» Work task
Show every line below where "Outdoor" can be found.

--- START ---

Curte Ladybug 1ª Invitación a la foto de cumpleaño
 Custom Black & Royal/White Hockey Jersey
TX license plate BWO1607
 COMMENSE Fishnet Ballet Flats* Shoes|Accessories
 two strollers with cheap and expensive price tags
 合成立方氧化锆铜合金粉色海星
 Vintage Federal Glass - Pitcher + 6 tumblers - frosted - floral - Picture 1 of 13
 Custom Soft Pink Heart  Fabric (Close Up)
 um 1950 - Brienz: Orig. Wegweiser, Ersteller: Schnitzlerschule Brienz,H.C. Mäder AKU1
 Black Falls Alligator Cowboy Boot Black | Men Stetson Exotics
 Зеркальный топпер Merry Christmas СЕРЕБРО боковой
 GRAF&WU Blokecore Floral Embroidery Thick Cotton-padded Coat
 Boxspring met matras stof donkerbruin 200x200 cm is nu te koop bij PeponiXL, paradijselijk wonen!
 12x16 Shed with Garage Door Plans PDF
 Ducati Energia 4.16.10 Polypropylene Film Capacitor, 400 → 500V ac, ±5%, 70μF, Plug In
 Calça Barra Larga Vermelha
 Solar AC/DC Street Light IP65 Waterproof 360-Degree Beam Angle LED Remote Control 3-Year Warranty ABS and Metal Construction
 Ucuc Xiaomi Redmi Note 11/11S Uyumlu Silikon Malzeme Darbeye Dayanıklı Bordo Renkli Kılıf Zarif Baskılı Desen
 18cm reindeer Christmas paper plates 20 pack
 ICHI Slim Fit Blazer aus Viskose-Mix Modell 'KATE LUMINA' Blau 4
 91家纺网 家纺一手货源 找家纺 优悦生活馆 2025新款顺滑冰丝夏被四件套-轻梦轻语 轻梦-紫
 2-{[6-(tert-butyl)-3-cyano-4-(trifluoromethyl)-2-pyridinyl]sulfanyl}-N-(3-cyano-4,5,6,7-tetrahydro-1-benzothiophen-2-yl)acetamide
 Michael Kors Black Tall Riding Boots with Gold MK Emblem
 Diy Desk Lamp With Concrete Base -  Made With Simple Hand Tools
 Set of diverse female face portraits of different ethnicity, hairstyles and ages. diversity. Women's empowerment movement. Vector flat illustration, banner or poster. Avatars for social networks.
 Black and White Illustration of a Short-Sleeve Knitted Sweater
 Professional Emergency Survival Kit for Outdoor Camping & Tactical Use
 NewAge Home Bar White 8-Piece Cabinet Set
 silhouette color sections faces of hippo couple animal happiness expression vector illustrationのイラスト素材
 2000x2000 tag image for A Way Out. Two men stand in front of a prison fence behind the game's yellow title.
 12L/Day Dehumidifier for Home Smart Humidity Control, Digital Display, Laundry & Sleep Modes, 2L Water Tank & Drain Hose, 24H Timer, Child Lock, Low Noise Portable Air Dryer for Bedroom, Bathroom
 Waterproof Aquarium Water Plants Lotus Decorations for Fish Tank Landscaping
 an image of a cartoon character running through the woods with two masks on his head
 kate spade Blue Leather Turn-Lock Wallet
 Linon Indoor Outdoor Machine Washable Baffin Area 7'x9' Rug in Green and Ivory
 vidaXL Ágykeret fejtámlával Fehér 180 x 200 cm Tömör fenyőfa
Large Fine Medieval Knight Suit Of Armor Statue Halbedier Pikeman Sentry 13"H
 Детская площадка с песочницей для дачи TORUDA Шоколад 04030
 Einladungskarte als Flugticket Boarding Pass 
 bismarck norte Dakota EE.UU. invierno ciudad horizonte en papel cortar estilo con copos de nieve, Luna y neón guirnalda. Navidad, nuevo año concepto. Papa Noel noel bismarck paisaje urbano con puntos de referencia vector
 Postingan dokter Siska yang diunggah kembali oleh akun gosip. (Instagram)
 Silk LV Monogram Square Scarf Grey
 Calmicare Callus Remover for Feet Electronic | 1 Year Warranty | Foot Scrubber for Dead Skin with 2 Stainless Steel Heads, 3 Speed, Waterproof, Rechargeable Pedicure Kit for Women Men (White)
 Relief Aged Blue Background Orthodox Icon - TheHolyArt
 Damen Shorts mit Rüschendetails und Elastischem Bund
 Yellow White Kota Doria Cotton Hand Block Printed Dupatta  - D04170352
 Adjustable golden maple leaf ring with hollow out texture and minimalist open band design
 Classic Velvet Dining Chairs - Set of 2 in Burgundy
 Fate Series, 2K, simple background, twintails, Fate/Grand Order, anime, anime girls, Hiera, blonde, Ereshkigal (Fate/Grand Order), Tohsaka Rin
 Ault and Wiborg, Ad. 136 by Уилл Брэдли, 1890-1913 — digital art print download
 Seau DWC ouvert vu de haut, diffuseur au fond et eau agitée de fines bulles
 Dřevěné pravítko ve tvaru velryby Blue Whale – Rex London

--- END ---

» Solution for this problem
 Professional Emergency Survival Kit for Outdoor Camping & Tactical Use
 Linon Indoor Outdoor Machine Washable Baffin Area 7'x9' Rug in Green and Ivory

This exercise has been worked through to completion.